I came out to the city last weekend for the Manhattan journey, to hang out, help scout checkpoints, and chase. It was great, exhausting. I got blisters from walking and headaches from drama. The actual journey was intense; once you set something like that off there's no way to tell where or how it will go--just a mass of kids flowing through city lines, train lines, ley lines, constrictions and commuters. Things got confusing. I had no idea how many commuters there are in battery park at midnight, running from bowling green to the south ferry. I may have chased some of them acidentally. That all after scoldings in K-Town from passersby, alarmed at the sight of me running after seven girls up 5th avenue. "How dare he!" Indeed. And I must apologize to the player I spooked so bad near the fallback wall street checkpoint, coming up Broadway, that he ran smack into the wall of some bank, cowering, a shockingly memorable look of terror contorting his face. Personal Terrorism is totally the next shit. I didn't think to tag him, but offered my hands to help pull the kid off the street. He didn't take them. From the Battery beacon I made my way on foot up to chinatown, Nicol my Robinson and I hers, we constantly reappeared at each other's side. Lower Manhattan was a player killing fields, very few escaped untagged. Eventually I gave up searching and walked, strangely exultant, up to the final checkpoint. Everyone was out, Friday late on the Lower East Side, and the game had let me just loose enough to really enjoy one last epic traipse through the city. S'how it was.
Celine is right:
"Just plain living, what a drag! Life is a classroom, and boredom is the monitor, always keeping an eye on you, you have to look busy at all costs, busy with something fascinating, otherwise he comes and corrodes your brain. A day that's nothing more than a lapse of twenty-four hours is intolerable. Like it or not, a day should be one long, almost unbearable pleasure, one long coitus."
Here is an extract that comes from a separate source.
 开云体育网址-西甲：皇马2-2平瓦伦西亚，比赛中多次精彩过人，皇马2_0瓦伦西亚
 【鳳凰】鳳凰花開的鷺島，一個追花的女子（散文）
And walking home across the Pulaski bridge at 5am, my journey ending--
"Far in the distance the tugboat whistled; its call passed the bridge, one more arch, the another, the lock, another bridge, farther and farther... It was summoning all the barges on the river, every last one, and the whole city and the sky and the countryside, and ourselves, to carry us all away, the Seine too--and that would be the end of us.
I don't have any pictures. Sam and Sean have pictures.